§ **TASK TO CARRY OUT**
Ignoring the pictures, copy the data exactly.

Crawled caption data

------------------------

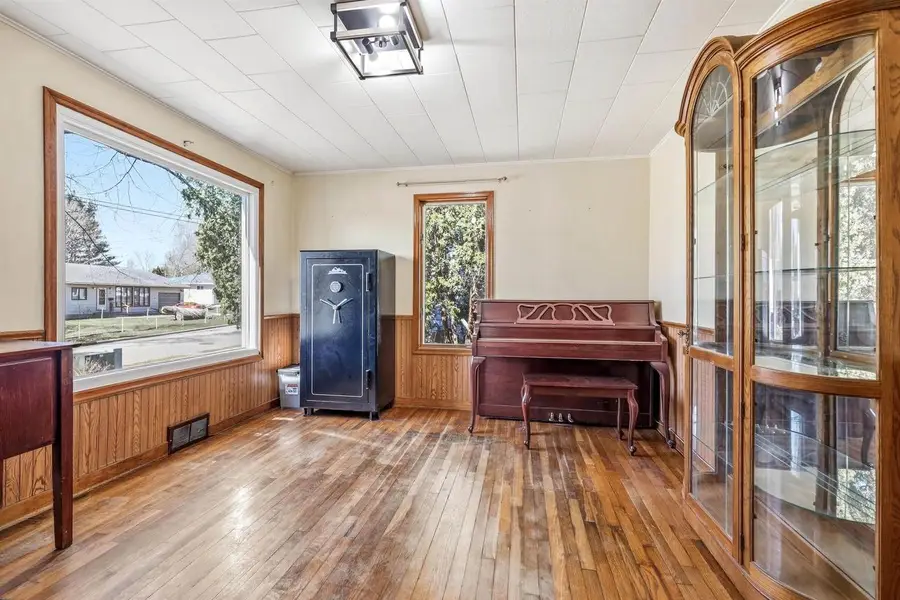 250 E Dewey Street, Platteville, WI 53818 - #3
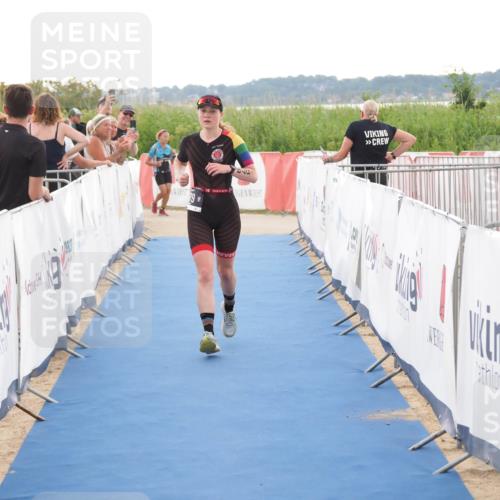 22.06.2025 - Viking Triathlon MichiJ http://msf.ph/oto/8115671 22.06.2025 16:26:43 Ziel 379 meine-sportfotos.de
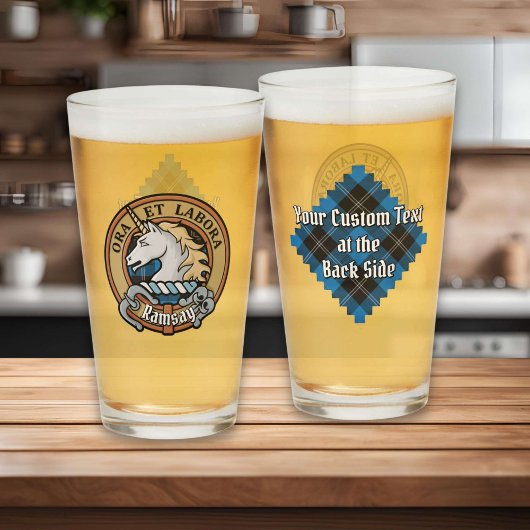 Verre Clan Ramsay Crest sur Blue Hunter Tartan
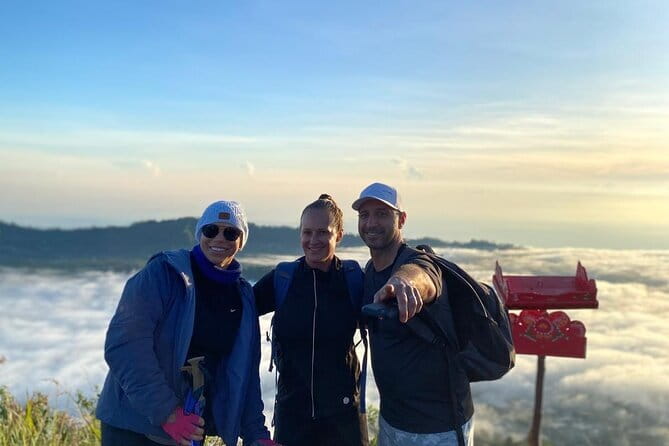 Sunrise Hike + Breakfast with Local Guide & Hotel Pickup - Hotel pickup from Ubud, then straight into the dark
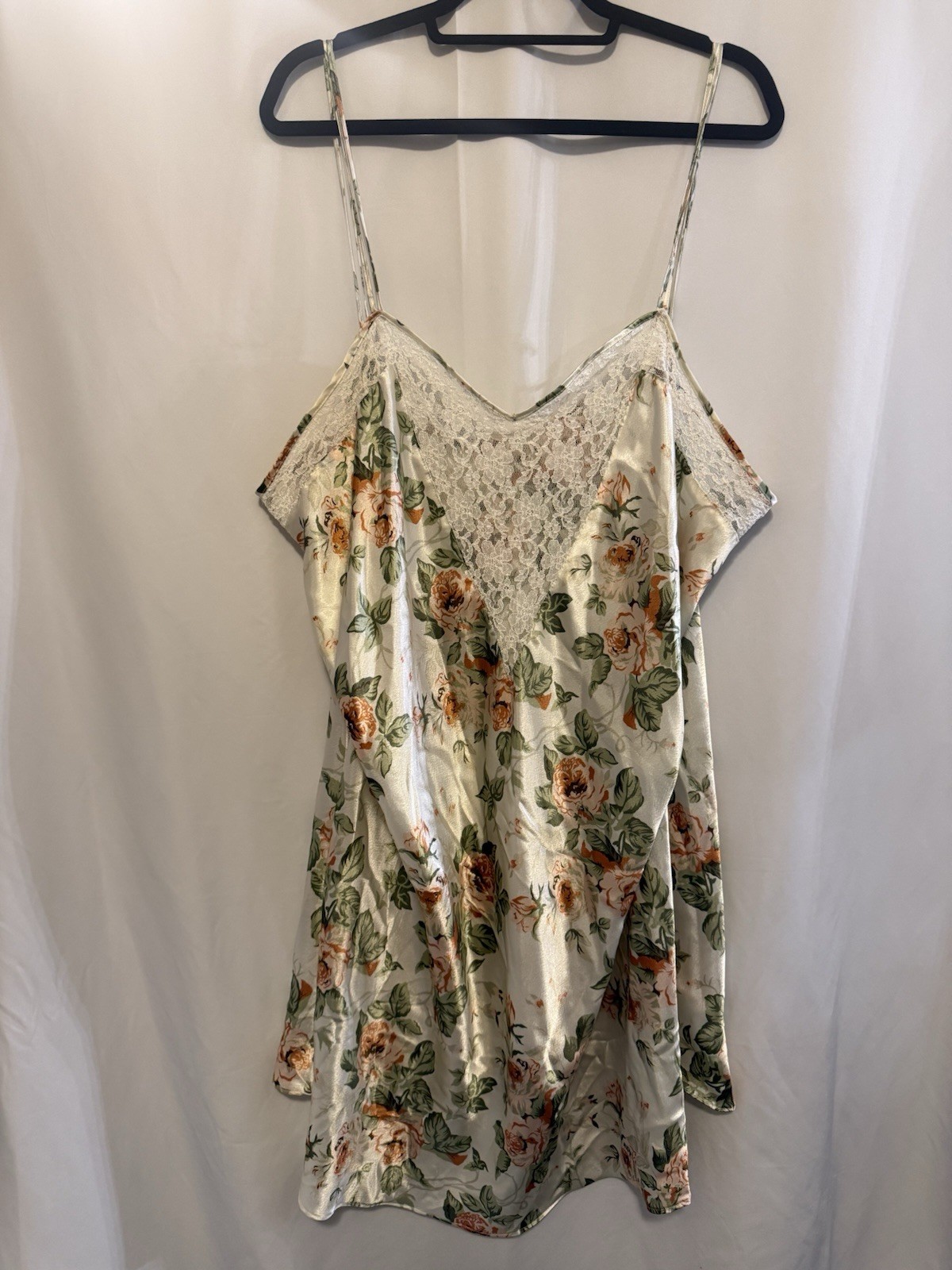 Vintage Intimate Pleasures Button Up Gown Robe Size 26/28 SKU 0125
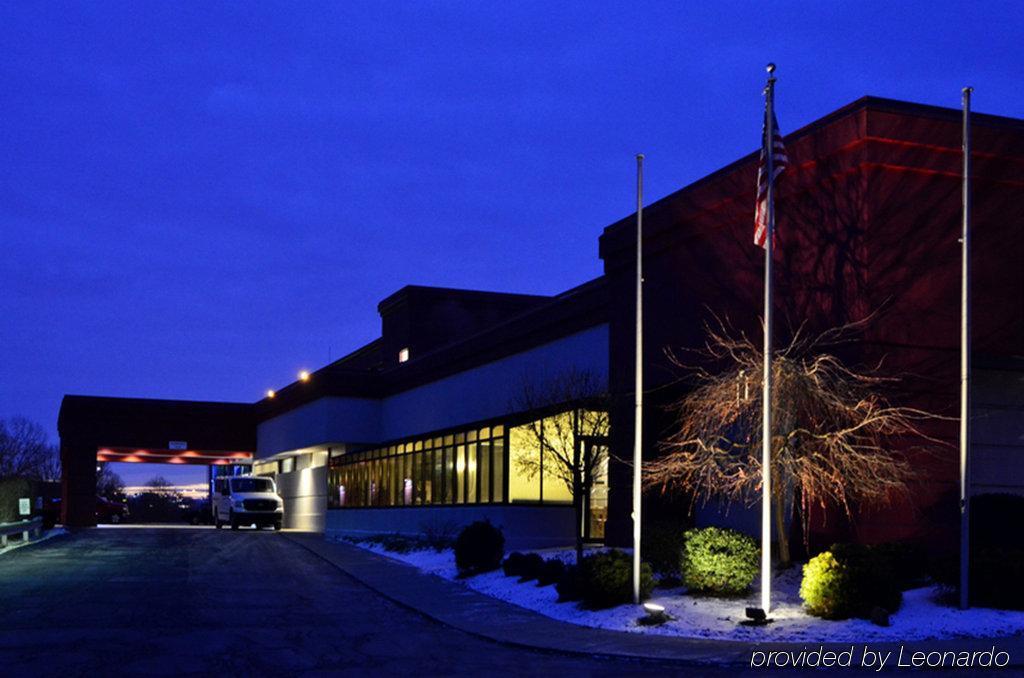 Wyndham Garden Inn Pittsburgh Airport Робінсон-Тауншип Екстер'єр фото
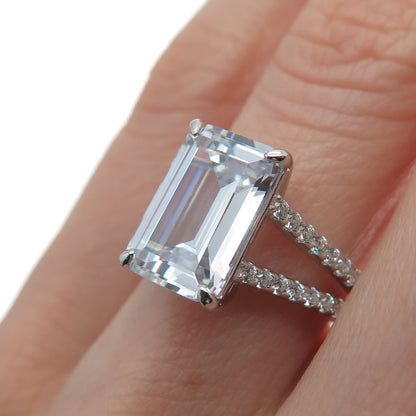 DSMK 925 Sterling Silver Emerald & Round-Cut Shaped C Z Ring Size 5.25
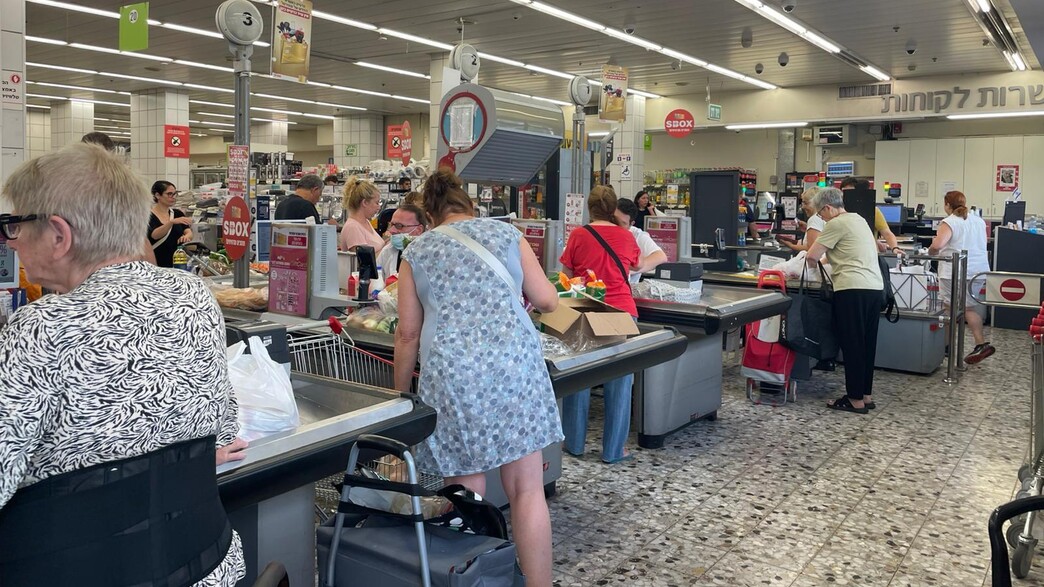 תורים בסופרמקטים לאחר המתקפה הישראלית באיראן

------------------------

§ **EXERCISE OUTPUT**
 250 E Dewey Street, Platteville, WI 53818 - #3
 22.06.2025 - Viking Triathlon MichiJ http://msf.ph/oto/8115671 22.06.2025 16:26:43 Ziel 379 meine-sportfotos.de
 Verre Clan Ramsay Crest sur Blue Hunter Tartan
 Sunrise Hike + Breakfast with Local Guide & Hotel Pickup - Hotel pickup from Ubud, then straight into the dark
 Vintage Intimate Pleasures Button Up Gown Robe Size 26/28 SKU 0125
 Wyndham Garden Inn Pittsburgh Airport Робінсон-Тауншип Екстер'єр фото
 DSMK 925 Sterling Silver Emerald & Round-Cut Shaped C Z Ring Size 5.25
 תורים בסופרמקטים לאחר המתקפה הישראלית באיראן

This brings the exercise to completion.